_Given data_.
_ _ _ _ _ _ _
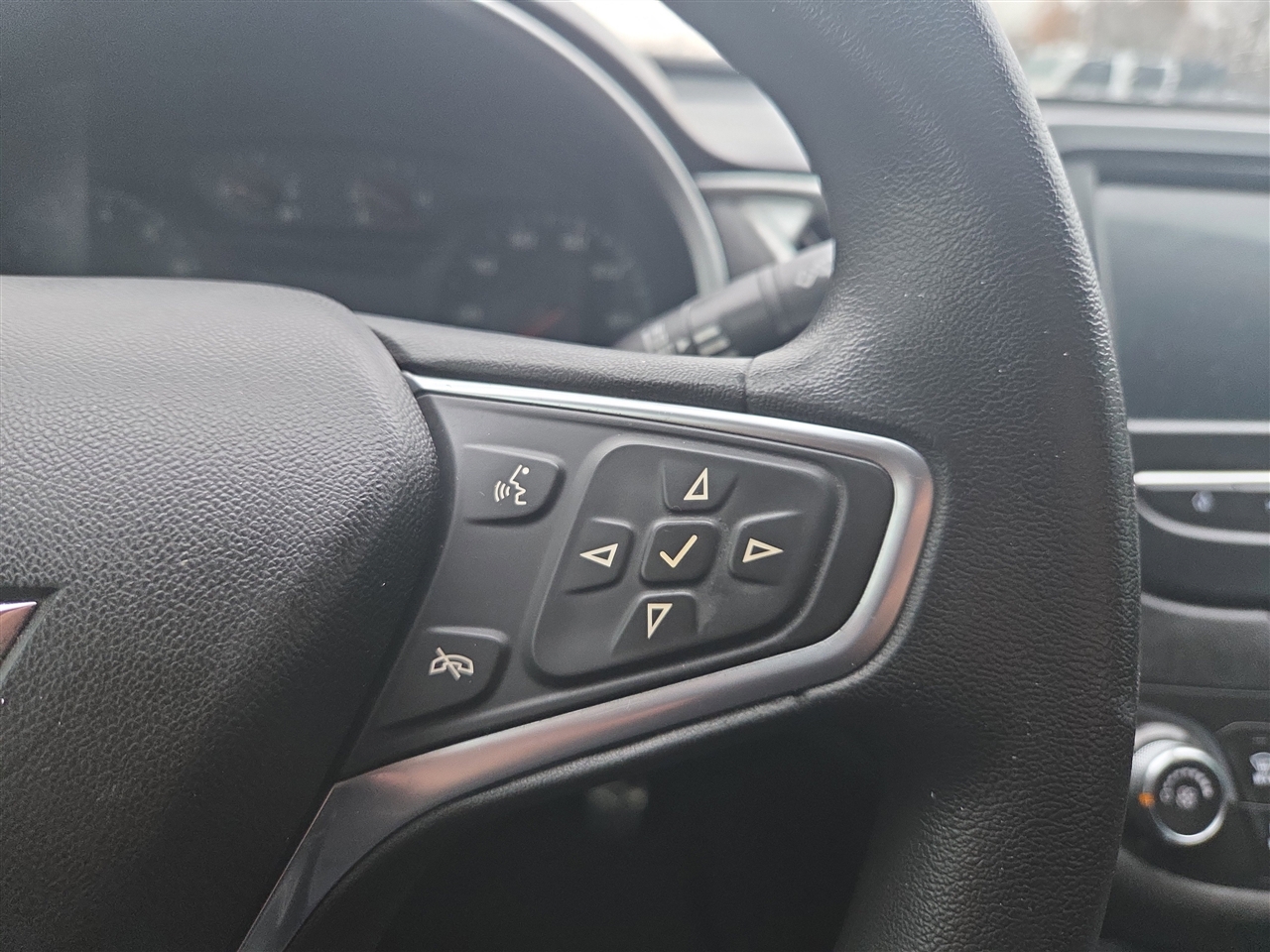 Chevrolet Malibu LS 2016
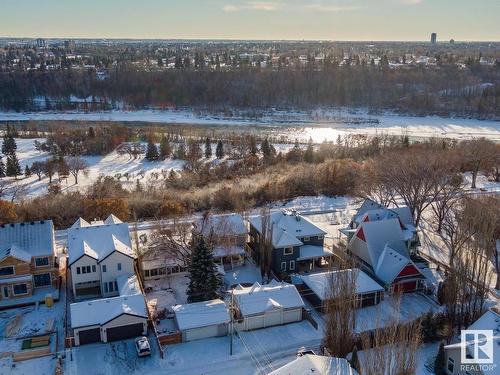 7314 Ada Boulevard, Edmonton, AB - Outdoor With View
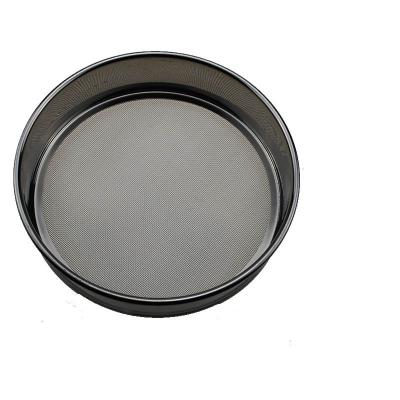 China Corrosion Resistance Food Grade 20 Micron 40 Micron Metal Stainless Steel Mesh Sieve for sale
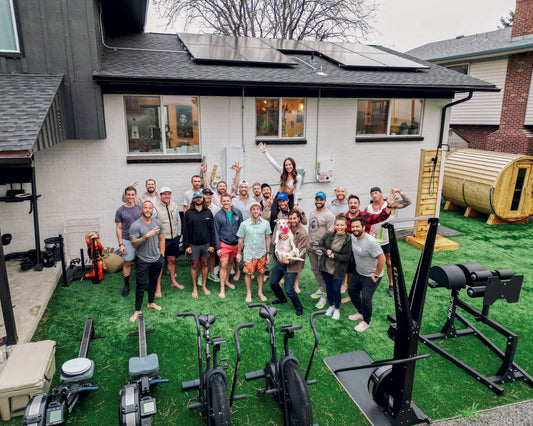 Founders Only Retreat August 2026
_ _ _ _ _ _ _
_Task item_. When you copy the data above, keep each line exact and omit the pictures.

_Task output_.
 Chevrolet Malibu LS 2016
 7314 Ada Boulevard, Edmonton, AB - Outdoor With View
 China Corrosion Resistance Food Grade 20 Micron 40 Micron Metal Stainless Steel Mesh Sieve for sale
 Founders Only Retreat August 2026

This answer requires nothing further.